**Exercise prompt**
Leave out the pictures and retype, exactly, the lines below from the line with "Conduct and participate" up to and including the line with "Regarding synchronized cardioversion, I", nothing more.

**Provided data**
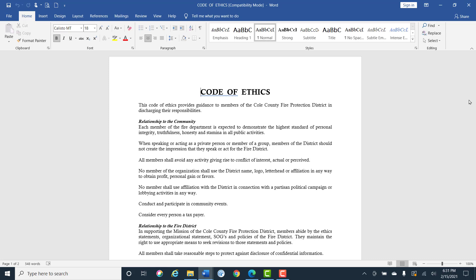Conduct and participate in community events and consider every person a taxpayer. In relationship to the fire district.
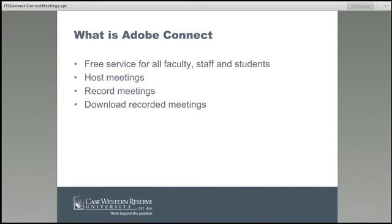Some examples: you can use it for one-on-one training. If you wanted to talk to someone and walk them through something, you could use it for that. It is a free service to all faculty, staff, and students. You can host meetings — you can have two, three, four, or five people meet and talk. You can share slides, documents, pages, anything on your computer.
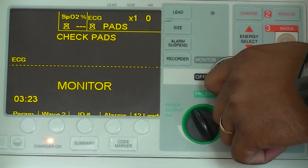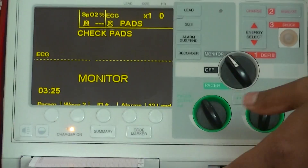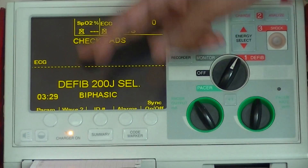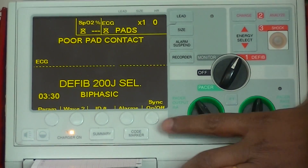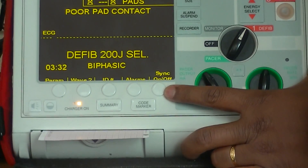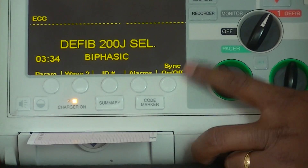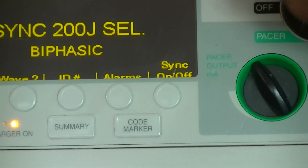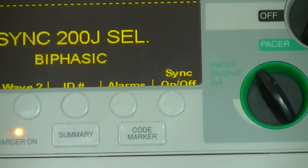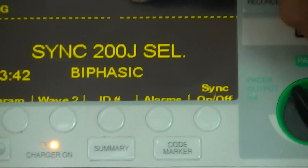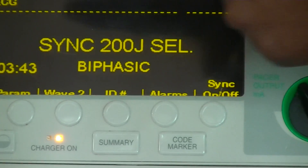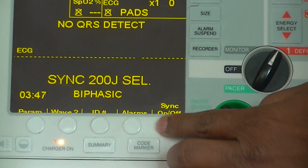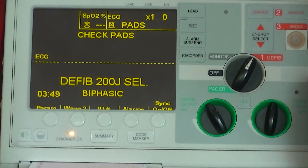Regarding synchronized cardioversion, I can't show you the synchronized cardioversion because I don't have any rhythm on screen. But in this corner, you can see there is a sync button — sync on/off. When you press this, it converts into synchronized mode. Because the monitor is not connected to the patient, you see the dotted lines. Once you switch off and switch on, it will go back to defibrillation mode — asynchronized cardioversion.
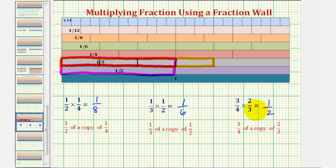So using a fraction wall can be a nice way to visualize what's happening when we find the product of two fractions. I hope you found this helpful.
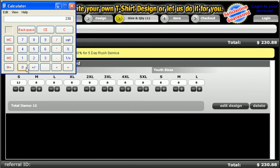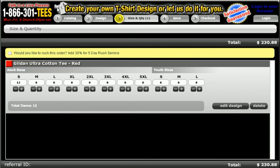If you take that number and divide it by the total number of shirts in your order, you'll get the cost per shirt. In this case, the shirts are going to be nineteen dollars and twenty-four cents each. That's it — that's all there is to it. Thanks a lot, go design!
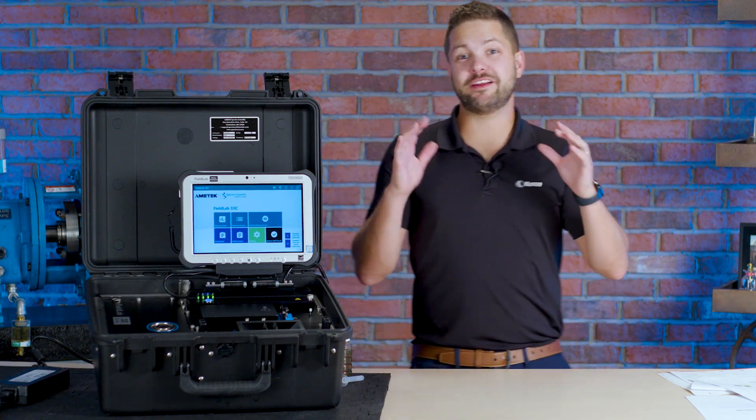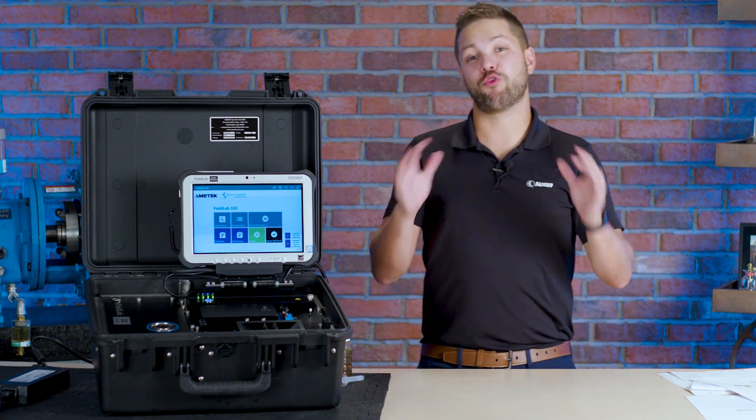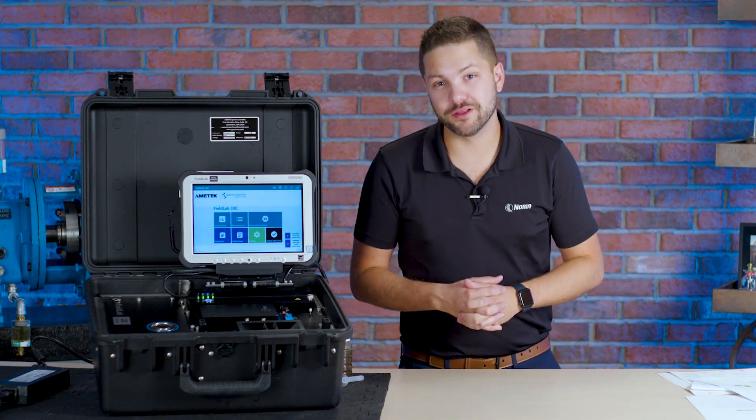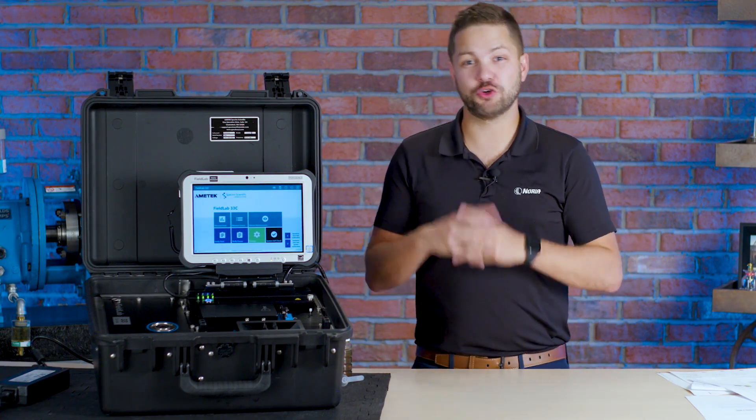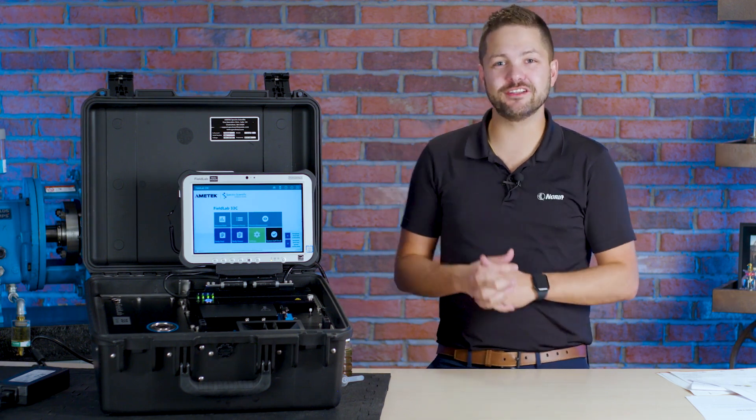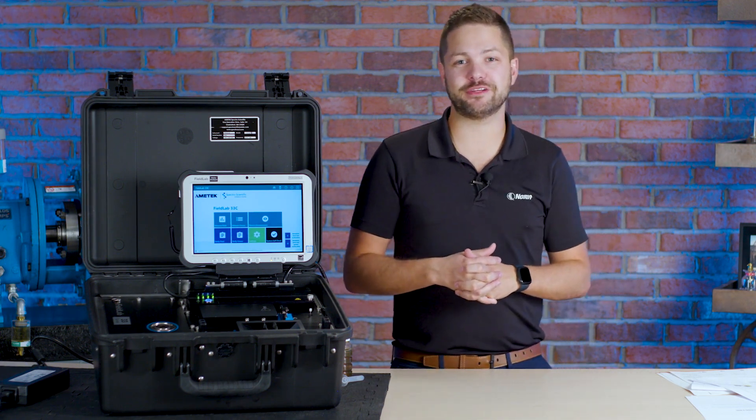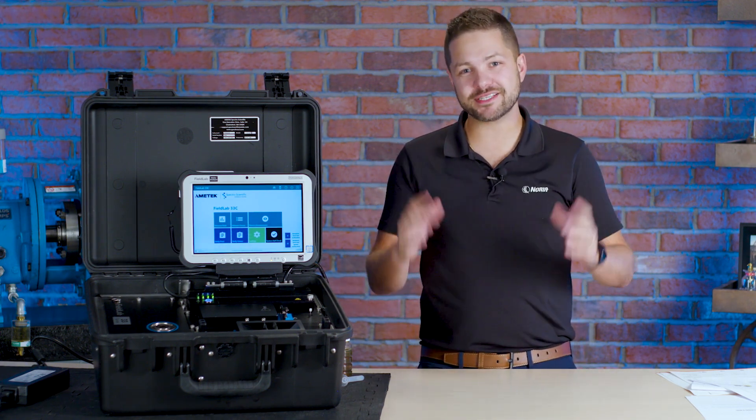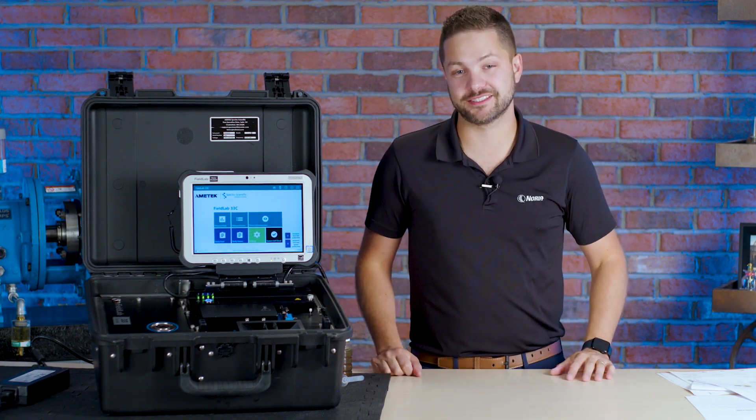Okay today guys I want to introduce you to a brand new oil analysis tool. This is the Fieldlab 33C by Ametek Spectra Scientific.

...

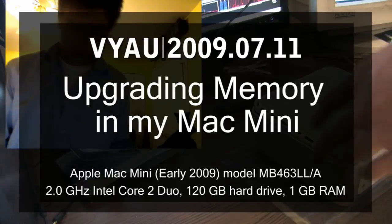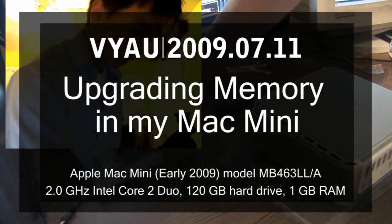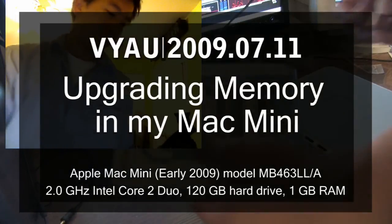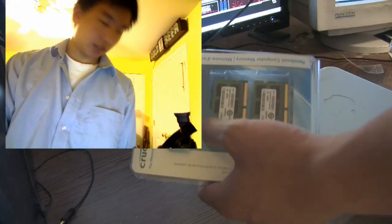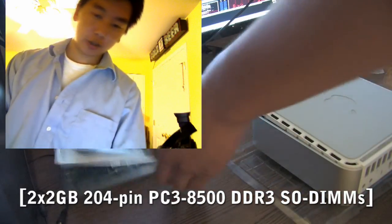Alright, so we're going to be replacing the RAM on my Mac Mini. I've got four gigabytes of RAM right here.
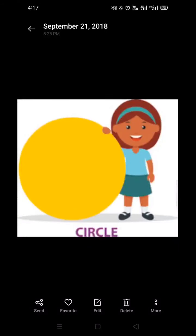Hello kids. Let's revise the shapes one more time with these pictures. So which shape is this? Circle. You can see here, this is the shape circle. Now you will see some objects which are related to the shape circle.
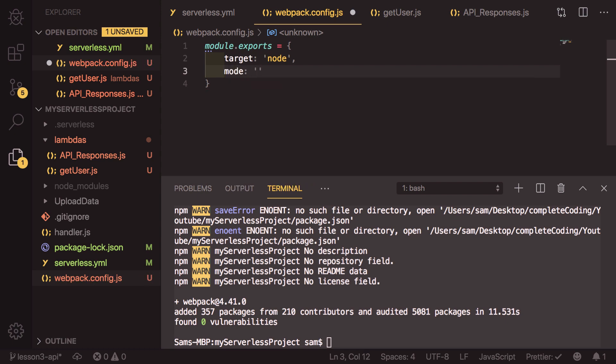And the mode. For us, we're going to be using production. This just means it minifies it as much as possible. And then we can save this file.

**Answer section**
Conduct and participate in community events and consider every person a taxpayer. In relationship to the fire district.
Some examples: you can use it for one-on-one training. If you wanted to talk to someone and walk them through something, you could use it for that. It is a free service to all faculty, staff, and students. You can host meetings — you can have two, three, four, or five people meet and talk. You can share slides, documents, pages, anything on your computer.
Regarding synchronized cardioversion, I can't show you the synchronized cardioversion because I don't have any rhythm on screen. But in this corner, you can see there is a sync button — sync on/off. When you press this, it converts into synchronized mode. Because the monitor is not connected to the patient, you see the dotted lines. Once you switch off and switch on, it will go back to defibrillation mode — asynchronized cardioversion.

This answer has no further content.